- Born: Russell Kommer Myers October 9, 1938 (age 87) Pittsburg, Kansas, United States
- Area(s): Cartoonist, Illustrator
- Notable works: Broom-Hilda, Hallmark Cards
- Awards: National Cartoonists Society - Best Humour Strip (1975)

= Russell Myers =

American cartoonist (born 1938)

Russell Myers' Broom-Hilda

Russell Kommer Myers (born October 9, 1938) is an American cartoonist best known for his newspaper comic strip Broom-Hilda.
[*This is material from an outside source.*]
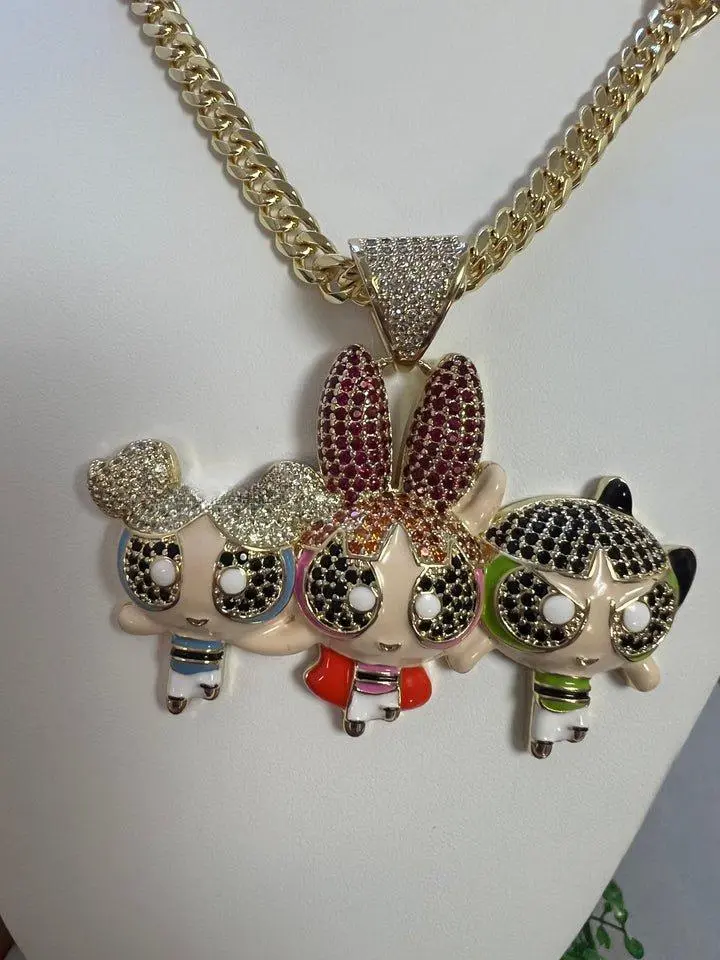 Pendant and Necklace Set with Sparkling Charm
Born in Pittsburg, Kansas, Myers was raised in Oklahoma where his father taught at the University of Tulsa. Myers was interested in cartooning from an early age. After his first strip submission for syndication failed, he began working for Hallmark Cards in Kansas City, MO in 1960 as an illustrator of greeting cards. He continued to submit comic strip concepts for syndication in his free time.

==Broom-Hilda==
The idea for Broom-Hilda originally came from writer Elliott Caplin, brother of cartoonist Al Capp, who described the character to Myers. Myers designed the characters and wrote the scripts. Caplin acted as Myers' business agent and submitted Broom-Hilda to the Chicago Tribune Syndicate where it was accepted. The first strip was published on 19 April 1970.

==Personal==
Russell and Marina Myers married in 1964 and lived in the Kansas City area until moving to Grants Pass, Oregon. The Myers family includes son Stewart and daughter Rosie. As Russell Myers noted, "We live in Oregon with seven dogs, three horses, and a pond full of koi and grow moss on our north sides." His hobbies include, "reading, collecting old cars, and hanging out at our local Saturday night dirt track, where I sponsor a car and wish I was brave enough to drive."

==Awards==
Myers received the 1975 National Cartoonists Society's Best Humor Strip Award.
In 2024, Myers received a Gold Key from the National Cartoonists Society, which is awarded by unanimous vote of the NCS Board of Directors. The Gold Key honors the recipient as a National Cartoonists Society Hall of Fame member.